A therapy cat is trained to help humans in a medically beneficial way in order to take advantage of the human - animal interaction for the purpose of relaxation and healing. A therapy cat often provides affection and comfort to those in retirement homes, nursing homes, hospices and other care service facilities.

Although cats are a less common choice of a therapy animal, studies are showing that cats do have a positive effect on our mental health. For example, a study by the Cats Protection surveyed 600 participants where half stated they struggled with their mental health. They discovered that 87% of cat owners found their cats to have a positive effect on their well-being.

The three types of pet therapy available are; ownership therapy (when you’re the owner of the pet), visitation therapy (when pets visit nursing homes, hospitals, and community day centres to spend time with patients/residents), and animal-assisted therapy (designed to refine the patient’s physical skills and build their confidence. Having a cat isn’t right for everyone however, if you are in a good place in your life where you can have an animal, and you have the love to give, ownership therapy could be right for you.

A good therapy cat must be friendly, patient, confident, gentle, and at ease in all situations. Their temperament is very important. Therapy cats should enjoy human contact and be content when they are petted and handled, sometimes incompetently. Cats must also prove that loud noises and barking dogs do not bother them.

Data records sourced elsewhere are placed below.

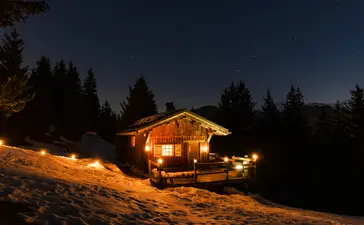 Wooden chalet glowing warmly at dusk surrounded by snow and evergreen trees at Aman Le Mélézin resort.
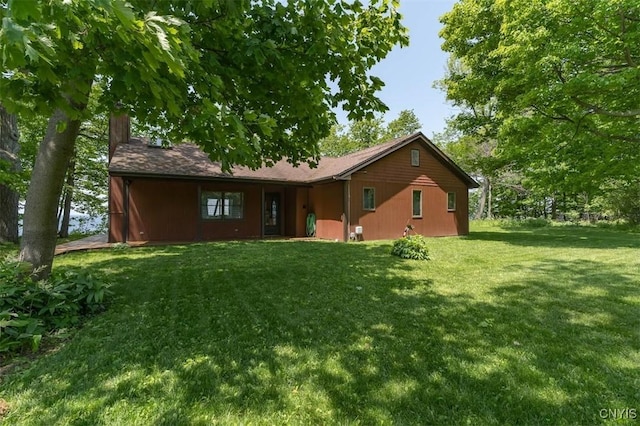 4859 Becker Ln, Lyme, NY 13693 - back of house featuring a chimney and a lawn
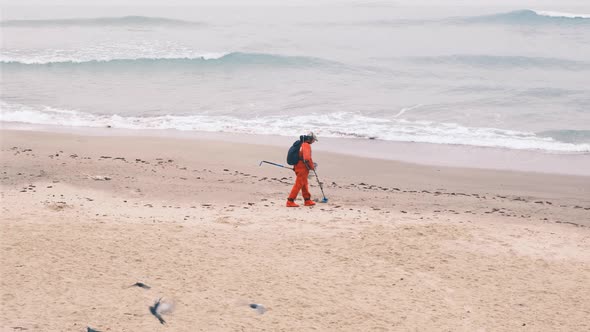 Man is Looking for the Lost Luxuries with Electronic Metal Detector on the Beach on a Cloudy Fall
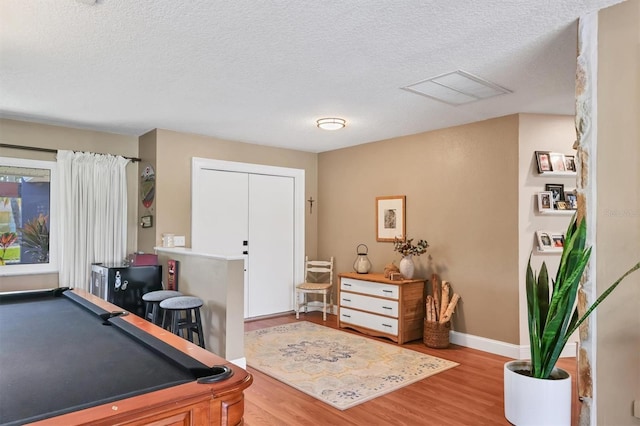 3636 Torrey Pines Blvd, Sarasota, FL 34238 - playroom featuring wood finished floors, billiards table, and a textured ceiling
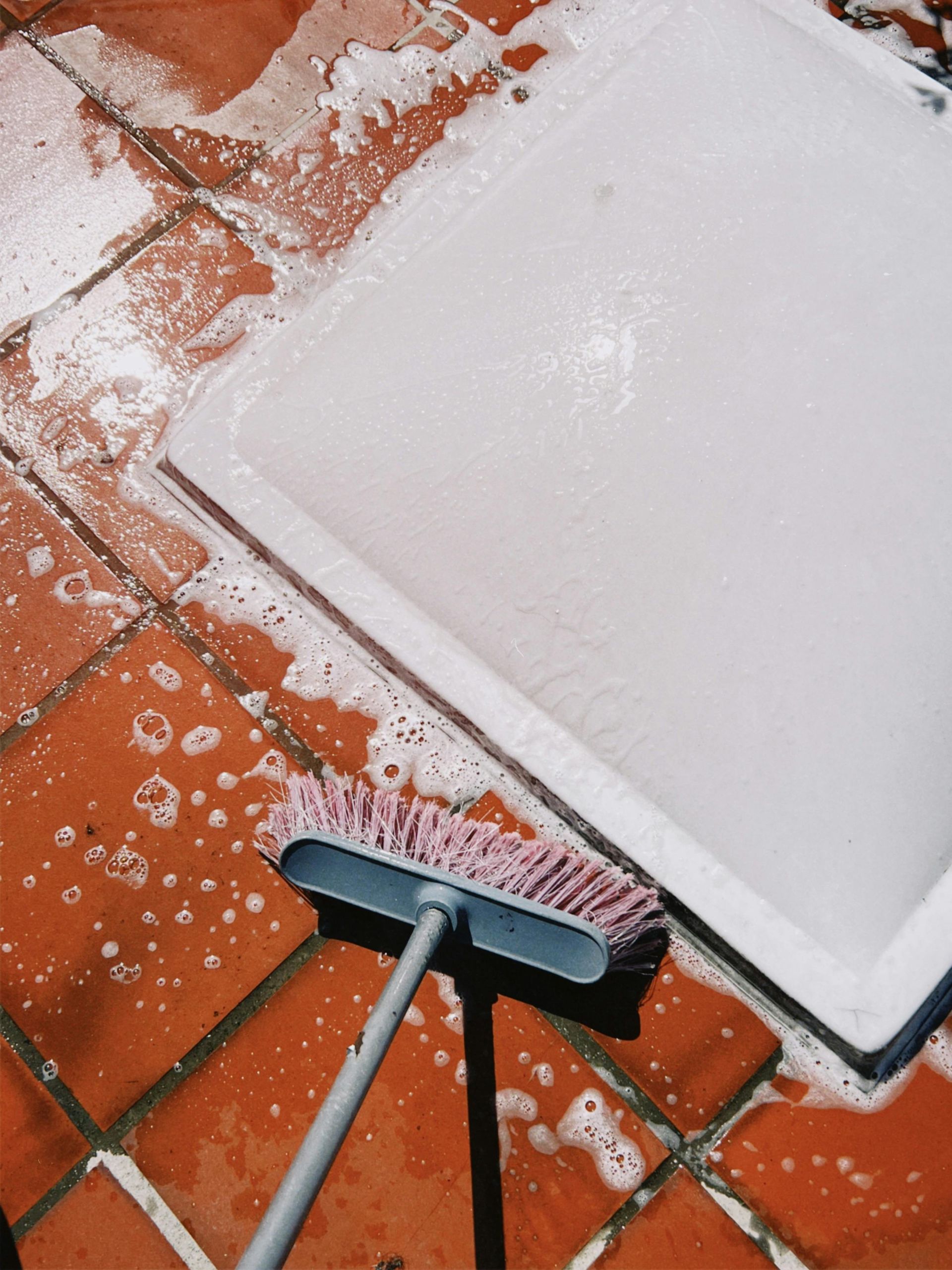 A person cleaning a white surface with soapy water, a broom on red tiled floor.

Therapy cats have often been used to help the recovery and wellbeing of people who have had strokes or mental health illnesses such as depression and autism. They can also help to decrease patient anxiety, increase sensory stimulation, ward off depression and inspire a "sense of purpose".

This makes cats the ideal therapy animal and a furry friend could be just what the doctor ordered. If you or a loved one feel you would benefit from cat therapy, talk to your doctor about more information and whether it is suitable for you.